Palestinians make up 37 percent of Jerusalem’s population of 866,000, up from 26 percent in 1967 when Israel captured east Jerusalem, expanded the city’s boundaries into the West Bank and annexed the enlarged municipal area to its capital.

The international community says east Jerusalem is occupied territory and that the city’s fate must be determined in negotiations with the Palestinians who seek a capital in the eastern sector.

Trump couched his Jerusalem comments — viewed in the Arab world as a show of pro-Israel bias — by saying he is not taking a position on the boundaries of Israeli sovereignty in the city.

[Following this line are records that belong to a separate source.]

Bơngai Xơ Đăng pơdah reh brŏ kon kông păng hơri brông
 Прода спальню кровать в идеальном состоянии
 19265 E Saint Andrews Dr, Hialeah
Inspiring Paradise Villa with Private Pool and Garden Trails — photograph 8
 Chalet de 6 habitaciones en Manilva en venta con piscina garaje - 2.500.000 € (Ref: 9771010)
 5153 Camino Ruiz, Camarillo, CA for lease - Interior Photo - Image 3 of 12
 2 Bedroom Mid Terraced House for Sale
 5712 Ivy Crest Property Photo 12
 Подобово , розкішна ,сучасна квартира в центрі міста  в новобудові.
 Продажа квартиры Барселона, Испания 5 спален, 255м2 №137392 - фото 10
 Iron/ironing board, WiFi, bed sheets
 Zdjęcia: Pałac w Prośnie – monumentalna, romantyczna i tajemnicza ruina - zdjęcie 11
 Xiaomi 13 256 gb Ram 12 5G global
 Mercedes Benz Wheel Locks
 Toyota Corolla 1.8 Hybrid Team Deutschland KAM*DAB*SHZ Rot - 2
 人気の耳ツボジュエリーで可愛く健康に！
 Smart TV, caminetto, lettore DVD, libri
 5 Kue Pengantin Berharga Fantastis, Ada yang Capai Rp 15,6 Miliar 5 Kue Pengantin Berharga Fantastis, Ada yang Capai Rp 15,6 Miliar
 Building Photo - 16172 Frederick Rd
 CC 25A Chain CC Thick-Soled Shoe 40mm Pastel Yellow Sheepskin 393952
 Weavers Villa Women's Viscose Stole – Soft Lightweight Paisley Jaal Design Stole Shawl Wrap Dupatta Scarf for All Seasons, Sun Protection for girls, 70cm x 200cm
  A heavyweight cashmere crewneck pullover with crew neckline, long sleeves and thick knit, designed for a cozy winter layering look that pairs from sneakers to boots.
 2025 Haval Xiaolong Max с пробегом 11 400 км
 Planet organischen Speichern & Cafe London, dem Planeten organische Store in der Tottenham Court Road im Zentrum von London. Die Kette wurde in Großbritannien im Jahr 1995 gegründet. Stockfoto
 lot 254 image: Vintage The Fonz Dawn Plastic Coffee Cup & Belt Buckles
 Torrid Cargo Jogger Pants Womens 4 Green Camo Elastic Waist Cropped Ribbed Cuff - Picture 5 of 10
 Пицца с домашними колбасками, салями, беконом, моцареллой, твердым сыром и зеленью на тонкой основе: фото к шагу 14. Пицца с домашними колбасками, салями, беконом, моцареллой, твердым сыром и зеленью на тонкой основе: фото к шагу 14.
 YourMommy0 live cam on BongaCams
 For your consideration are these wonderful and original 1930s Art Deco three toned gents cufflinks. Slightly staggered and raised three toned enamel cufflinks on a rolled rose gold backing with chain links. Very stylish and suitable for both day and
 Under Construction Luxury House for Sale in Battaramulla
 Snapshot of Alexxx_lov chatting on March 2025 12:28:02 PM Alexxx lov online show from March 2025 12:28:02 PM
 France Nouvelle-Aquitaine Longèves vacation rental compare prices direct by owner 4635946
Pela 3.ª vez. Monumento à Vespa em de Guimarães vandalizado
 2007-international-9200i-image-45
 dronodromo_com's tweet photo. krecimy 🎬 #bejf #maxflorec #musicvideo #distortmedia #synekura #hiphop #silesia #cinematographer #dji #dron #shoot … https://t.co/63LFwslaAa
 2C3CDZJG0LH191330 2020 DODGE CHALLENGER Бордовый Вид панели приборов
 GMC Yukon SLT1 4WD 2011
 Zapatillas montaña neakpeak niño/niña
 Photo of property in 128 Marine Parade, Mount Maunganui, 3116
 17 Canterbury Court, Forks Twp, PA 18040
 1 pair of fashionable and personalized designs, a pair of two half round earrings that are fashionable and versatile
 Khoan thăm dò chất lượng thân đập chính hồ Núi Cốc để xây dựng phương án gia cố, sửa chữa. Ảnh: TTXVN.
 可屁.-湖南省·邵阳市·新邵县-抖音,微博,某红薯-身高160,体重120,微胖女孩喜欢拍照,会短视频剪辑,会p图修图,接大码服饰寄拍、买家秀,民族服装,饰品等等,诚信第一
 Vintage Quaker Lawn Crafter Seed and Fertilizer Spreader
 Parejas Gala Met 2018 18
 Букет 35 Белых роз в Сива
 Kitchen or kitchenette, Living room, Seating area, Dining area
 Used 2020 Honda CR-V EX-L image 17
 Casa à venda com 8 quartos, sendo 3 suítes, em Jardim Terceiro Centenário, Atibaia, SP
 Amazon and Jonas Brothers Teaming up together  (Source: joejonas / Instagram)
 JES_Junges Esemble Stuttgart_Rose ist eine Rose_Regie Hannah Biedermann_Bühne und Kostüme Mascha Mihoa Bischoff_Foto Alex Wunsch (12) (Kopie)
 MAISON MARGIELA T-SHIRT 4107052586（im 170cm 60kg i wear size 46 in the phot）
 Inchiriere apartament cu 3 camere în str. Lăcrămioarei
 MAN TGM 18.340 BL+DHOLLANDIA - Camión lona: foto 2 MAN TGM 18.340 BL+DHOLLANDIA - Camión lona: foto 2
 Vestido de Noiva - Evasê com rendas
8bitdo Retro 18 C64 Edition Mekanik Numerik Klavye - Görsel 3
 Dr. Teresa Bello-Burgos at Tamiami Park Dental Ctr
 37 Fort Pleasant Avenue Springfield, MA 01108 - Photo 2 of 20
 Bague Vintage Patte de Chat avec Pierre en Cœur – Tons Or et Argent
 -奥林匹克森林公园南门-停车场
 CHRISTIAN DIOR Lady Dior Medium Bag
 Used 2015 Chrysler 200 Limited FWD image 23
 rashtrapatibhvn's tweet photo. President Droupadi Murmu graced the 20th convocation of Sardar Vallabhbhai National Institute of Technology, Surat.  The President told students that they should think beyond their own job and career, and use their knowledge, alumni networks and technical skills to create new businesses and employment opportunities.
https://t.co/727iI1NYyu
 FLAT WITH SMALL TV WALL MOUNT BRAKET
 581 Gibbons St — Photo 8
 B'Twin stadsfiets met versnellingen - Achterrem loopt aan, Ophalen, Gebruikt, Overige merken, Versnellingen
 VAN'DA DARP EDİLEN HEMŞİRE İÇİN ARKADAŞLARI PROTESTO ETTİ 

Yet he made no specific mention of the city’s large Palestinian population, which could reach 44 percent by 2040, according to the Jerusalem Institute for Policy Research think tank.

Despite Israel’s portrayal of Jerusalem as united, there are stark differences between Arab and Jewish areas after what critics say is half a century of neglect and discrimination.

“On the ground, Israel is not investing much in developing the Arab neighborhoods of Jerusalem,” said Yitzhak Reiter, in charge of the Jerusalem Institute’s mapping of the physical and social infrastructure of Arab neighborhoods.

In many spheres, “the city is still divided, with two different transport systems, two different policies on building and construction.”

Israel would have to invest billions of dollars in Arab areas to reach parity with Jewish neighborhoods, he said.

For now, 79 percent of Arab residents fall below the poverty line, compared to 27 percent of Jews, according to Jerusalem Institute figures.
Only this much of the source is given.